*** Opening of Exercise materials ***

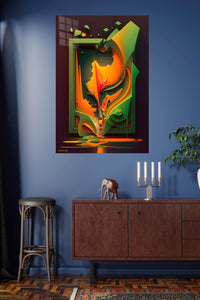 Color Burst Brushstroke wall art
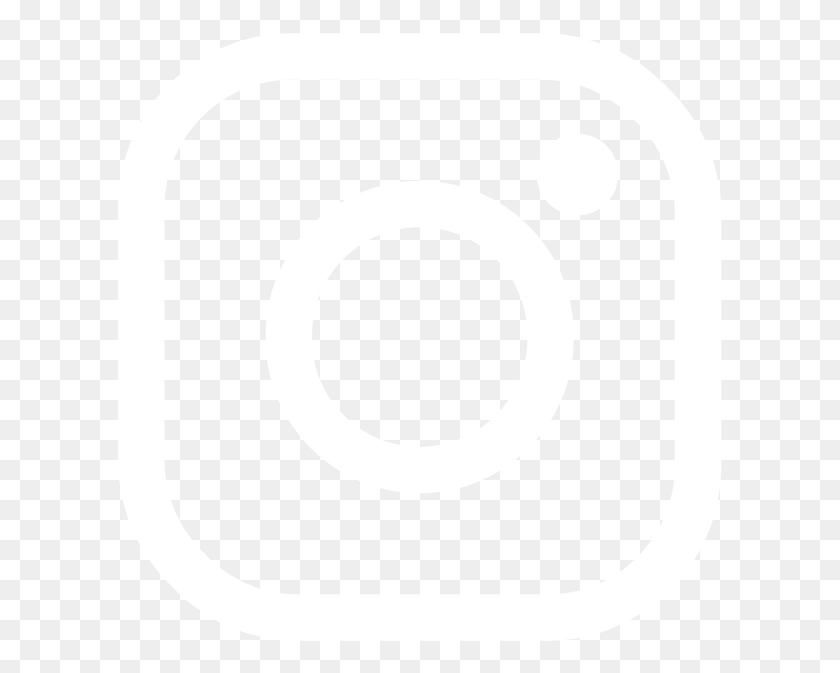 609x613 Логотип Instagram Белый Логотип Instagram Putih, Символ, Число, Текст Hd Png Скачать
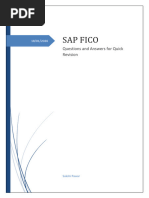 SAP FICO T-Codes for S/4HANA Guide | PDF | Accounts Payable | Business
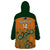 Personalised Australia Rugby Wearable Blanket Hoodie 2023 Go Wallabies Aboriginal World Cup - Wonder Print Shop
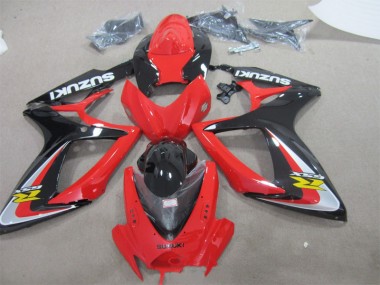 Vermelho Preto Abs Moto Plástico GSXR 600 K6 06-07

*** Close of Exercise materials ***
*** Opening of Exercise materials ***

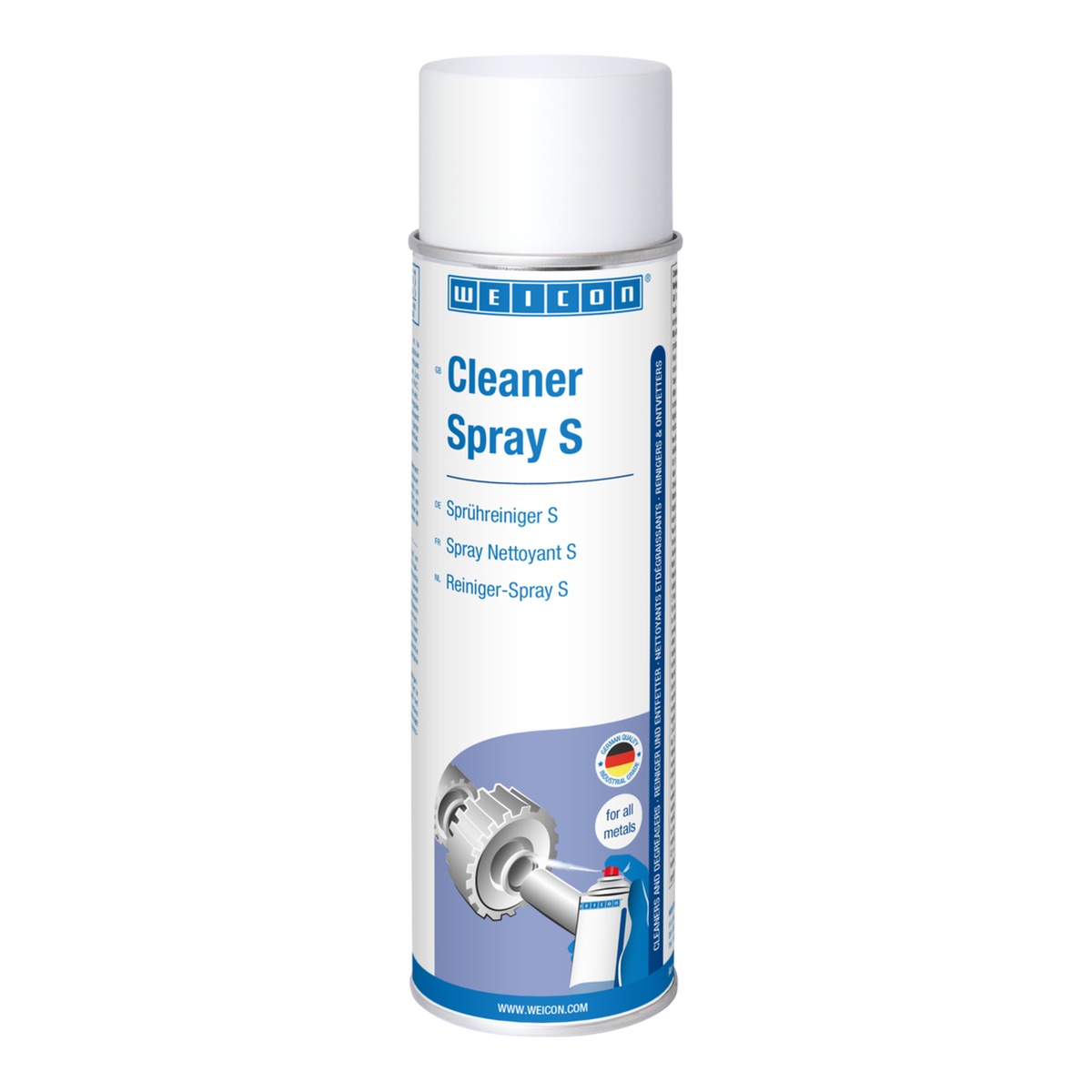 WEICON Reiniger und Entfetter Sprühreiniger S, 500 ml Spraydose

*** Close of Exercise materials ***

Begin at the line in the entries above that has "Color Burst Brushstroke wall art", stop after the line that has "Vermelho Preto Abs", and output exactly those lines without pictures.

Exercise output:
 Color Burst Brushstroke wall art
 609x613 Логотип Instagram Белый Логотип Instagram Putih, Символ, Число, Текст Hd Png Скачать
 SAP FICO T-Codes for S/4HANA Guide | PDF | Accounts Payable | Business
 Personalised Australia Rugby Wearable Blanket Hoodie 2023 Go Wallabies Aboriginal World Cup - Wonder Print Shop
 Vermelho Preto Abs Moto Plástico GSXR 600 K6 06-07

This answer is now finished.